John P. LADIKA, Petitioner-Appellant,v.COMMISSIONER OF INTERNAL REVENUE, Respondent-Appellee.

No. 89-70346.

United States Court of Appeals, Ninth Circuit.

Submitted March 26, 1990.* Decided April 3, 1990.

Before FLETCHER, LEAVY and FERNANDEZ, Circuit Judges.


John P. Ladika appeals, pro se, the Tax Court's grant of the Commissioner of Internal Revenue's (CIR) motion to dismiss Ladika's petition for redetermination of deficiencies and additions to tax assessed by the CIR. The Tax Court found that Ladika's petition failed to allege any specific assignments of error in the CIR's calculation of Ladika's tax deficiency, as required under Tax Court Rule 34(b) (4). We affirm the Tax Court's decision, as well as its imposition of damages pursuant to 26 U.S.C. § 6673, but decline to award the sanctions requested by the CIR pursuant to Fed. R. App. P. 38, and 28 U.S.C. § 1912.

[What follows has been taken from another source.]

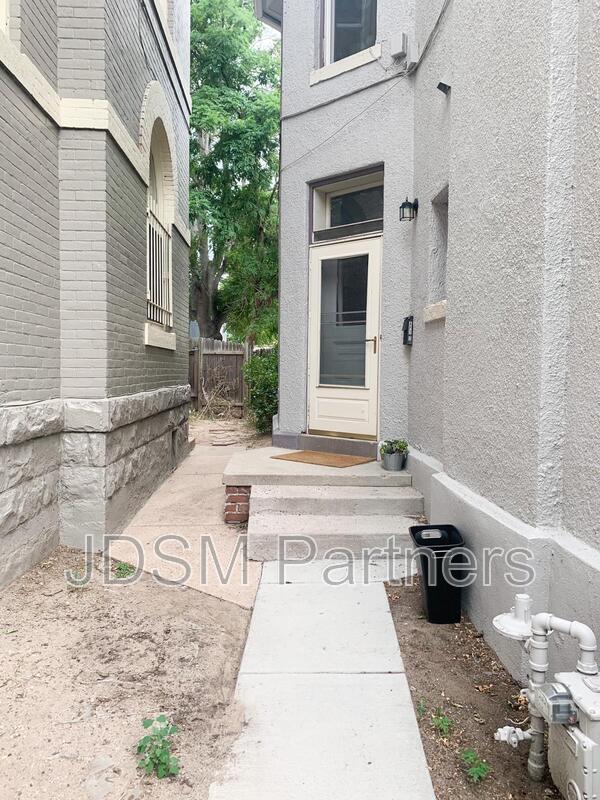 Building Photo - 1263 N Clarkson St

We review de novo the Tax Court's grant of a motion to dismiss. See Wilcox v. Commissioner, 848 F.2d 1007, 1008 (9th Cir. 1988).

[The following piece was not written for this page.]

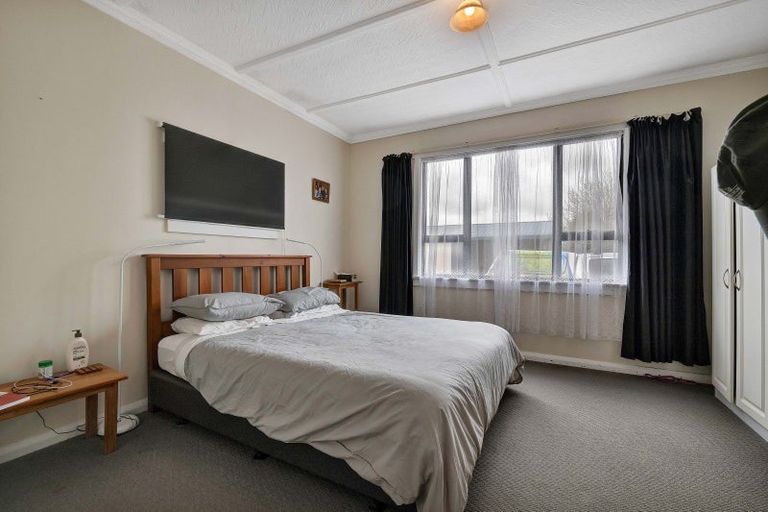Photo of property in 275 Henwood Road, Paraite, New Plymouth, 4372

Rule 34(b) (4) of the Tax Court Rules of Practice and Procedure requires that the petitioner give clear and concise assignments of each error allegedly committed by the CIR in its determination of the deficiency or liability. 26 U.S.C. § 7453 Tax Ct.R. 34(b) (4).

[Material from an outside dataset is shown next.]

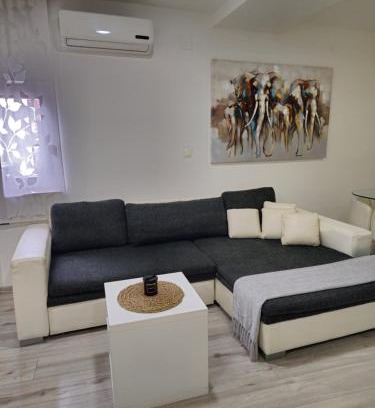 Vinkovci Appartement | Apartment Aria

Ladika failed to allege any specific errors that the CIR made in computing the amount of tax deficiency. Instead, Ladika alleged in his petition that as "an american [sic] worker on the american [sic] market, not living abroad," he was exempt from any "direct unapportioned [income] tax." Ladika also alleged that the CIR's failure to provide him with an administrative hearing prior to issuing its notice of deficiency violated due process. Not only are these arguments meritless, they also fail to meet the requirements of Tax Court Rule 34(b) (4). See 26 U.S.C. § 1(c) (section 1(c) of the Internal Revenue Code (Code) imposes an income tax on unmarried individuals); 26 C.F.R. Sec. 1.1-1 (" [s]ection 1 of the Code imposes an income tax on the income of every individual who is a citizen or resident of the United States") (emphasis added); Wilcox, 848 F.2d at 1008 (Tax Court properly dismissed a petition, under Tax Court Rule 34(b) (4), from a taxpayer who alleged that wages are not income subject to federal income tax and that failure to provide an administrative hearing prior to issuing a notice of deficiency was a violation of due process).

Ladika argues for the first time on appeal that, given his pro se status, his petition sufficiently specified the assignments of error. Although it is true that pro se pleadings are construed more liberally, Ladika's contention is without merit. See Swimmer v. IRS, 811 F.2d 1343, 1345 (9th Cir. 1987) (pro se litigant must still abide by the court rules). Ladika also contends that the Administrative Procedure Act (APA) entitles him to a full hearing on his claim. Section 554(a) (1) of the APA, however, provides that the APA does not apply to matters "subject to subsequent consideration of the law and facts de novo in a court." Thus, this contention is too without merit. Accordingly, we affirm the Tax Court's dismissal of Ladika's petition for failure to comply with the Tax Court's Rules of Practice and Procedure.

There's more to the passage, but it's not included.